Era terça-feira, e o mercado semanal fervilhava de atividade. Admiramos as bolsas feitas à mão, os lenços e as joias, e depois nos dirigimos para o mercado fechado. Ali, Juliana apontou para os pacotes de maconha (é ilegal, mas descriminalizada) ao lado da enorme variedade de batatas, dezenas de variedades. Passamos por corredores ladeados de sacos de aniagem transbordando de alecrim, quinoa, jayo e tijolos de rapadura, juntamente com os produtos básicos dos colombianos, café e folhas de coca.

Também foi possível comprar frailejónes, uma planta da família do girassol que é processada como chá e, segundo se afirma, tem propriedades medicinais, particularmente contra doenças pulmonares. Como as folhas de coca que vi à venda, o frailejón em geral é ilegal para consumo. Segundo Juliana, os guambiano têm suas próprias leis e são isentos da proibição.

Nossa passagem por Puracé nos levou a um ponto mais alto nos Andes, onde uma vasta charneca como um tapete de frailejónes se estende até o vulcão Puracé, de mais de 4.500 metros de altura, e estava envolvido pela névoa. É o vulcão mais ativo da Colômbia e produz dezenas de fontes termais.

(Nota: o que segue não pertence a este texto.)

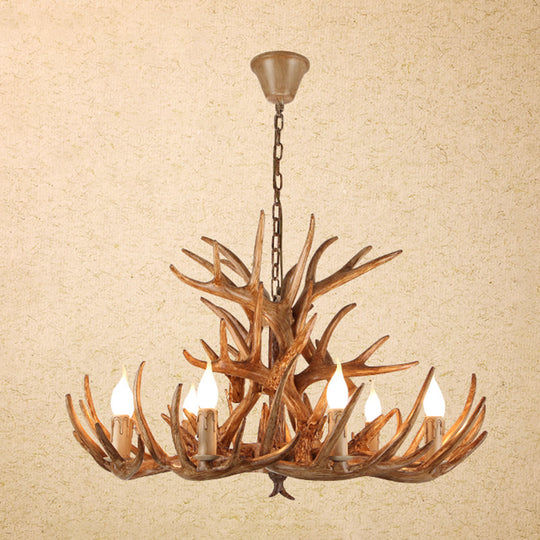 Vintage Resin Chandelier - Retro Dining Pendant Light Fixture In Deer Horn Shape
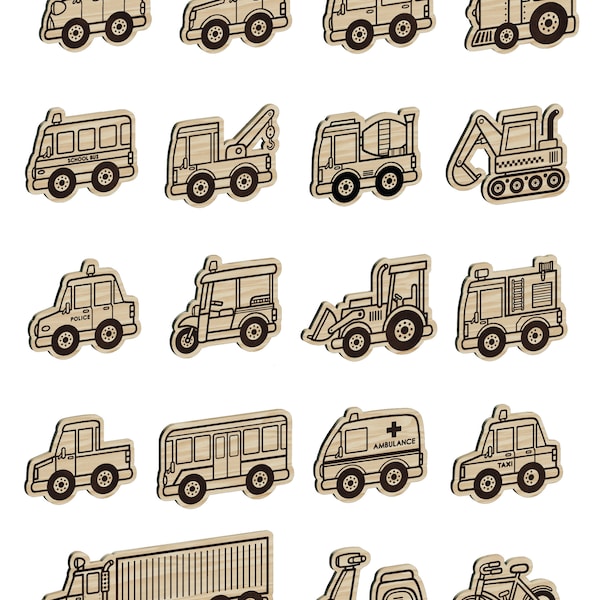 Vehicle plotter and laser cut files svg, pdf, ai,png, dxf. Fire, ambulance, police car, train, scholl bus, car, excavator, bus, bicycle,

A estrada subiu por dezenas de quilômetros através de trechos de floresta tropical com colônias de palmeiras-de-cera - a árvore nacional da Colômbia, as mais altas do mundo - e às vezes no meio da selva, atravessando pontes sobre os rios Cauca e Mazamorras.

Mais alto ainda sempre no parque, Juliana me mostrou as misteriosas esculturas de pedra no Parque Arqueológico de San Agustín, declarado Patrimônio Mundial pela Unesco em 1995. Há cerca de 5 mil anos, duas tribos indígenas se estabeleceram nos vales dos rios Magdalena e Causa. Elas acabaram desaparecendo, mas deixaram centenas de solenes esculturas antropomórficas, na maior parte lápides mortuárias.

Mais tarde, em um trecho ao norte de San Agustín e a meio caminho para Bogotá, os altos picos dos Andes se achatam formando o Deserto de la Tatacoa, uma planície que produz um efeito desorientador, com grandes quantidades de cactos cobertos de espinhos, cabras selvagens, fossos, despenhadeiros e penhascos.

Ao anoitecer, visitamos um observatório astronômico. Com um potente telescópio, olhei a lua e as estrelas que permaneceram constantes ao longo das civilizações, das colonizações, guerras e violência, e ainda estão lá, cobrindo um céu eterno e cheio de paz.